HC Deb 25 February 1997 vol 291 cc133-4
2. Mr. Flynn

To ask the Secretary of State for Social Security, pursuant to his answer to the hon. Member for Brighton, Kemptown (Sir A. Bowden) of 5 February, Official Report, columns 637–38, if he will uprate pensions in line with earnings. [15738]

The Parliamentary Under-Secretary of State for Social Security (Mr. Oliver Heald)

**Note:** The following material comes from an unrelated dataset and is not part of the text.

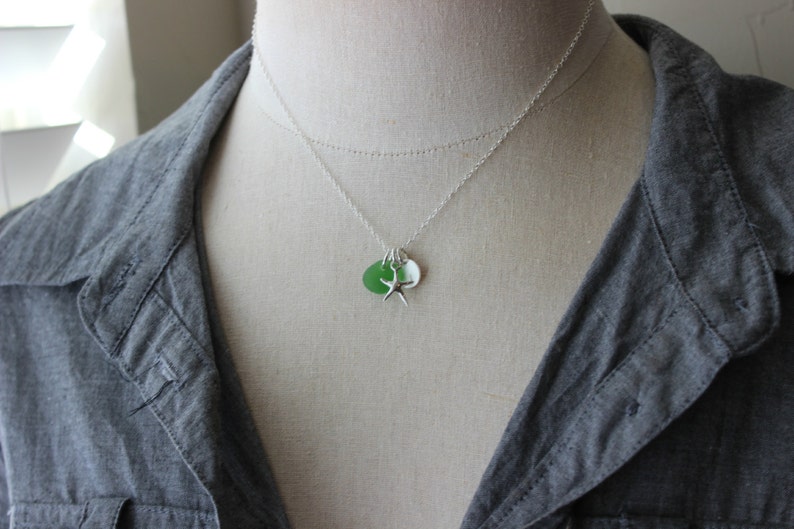 May include: A silver chain necklace with a green and white sea glass charm and a silver starfish charm.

No. If the basic pension had been increased by the higher of earnings or prices since 1980, the total extra burden on the taxpayer would be £8.6 billion in 1997–98.

Mr. Flynn

Does the hon. Gentleman recall the pledge given in the 1979 election campaign that the Conservatives would increase pensions along with the prosperity of the country? In every one of the past 18 years they have cheated on that promise. Pensions will be £62.45 in April; they should be £82.60. Is it not true that, throughout those years, the Conservatives have never honoured that promise, and is it not the case that we cannot trust the Tories on pensions? Will the hon. Gentleman answer without blaming the last Labour Government or the next Labour Government?

Mr. Heald

The last time that the hon. Gentleman asked me about that subject, I costed his proposals at £65 billion by 2030, but, if one takes into account his proposals for income support, that figure is too low—the cumulative figure would be more than £100 billion by then. He might like to ask his Front-Bench team where the cuts would fall to pay for his proposals. However, the Conservative Government have maintained the value of the basic state pension, encouraged private provision and given extra help to those most in need, and average pensioner incomes have increased by 60 per cent.

Mr. Jacques Arnold

Does my hon. Friend recall that the last time that pensions were uprated with earnings was under the last Labour Government? That was a time when the increase in earnings was less than the rate of inflation, so the population generally were less well off in real terms. The then Government wanted the pensioners to share with the general public being less well off in real terms. It saved money for the Exchequer. The Labour Government did that, not because they believed in it, but because they were required to do so by the International Monetary Fund.

Mr. Heald

Under this Government, average incomes have gone up by as much each year as they did during the whole period of the last Labour Government. One has only to examine Labour's proposal to equalise the state pension age at 60, with a reduced pension of £40 a week, to see that that would spell disaster for those who later required income support and were refused it. Labour has always meant difficulties and poverty for pensioners, and it still would with its current policies.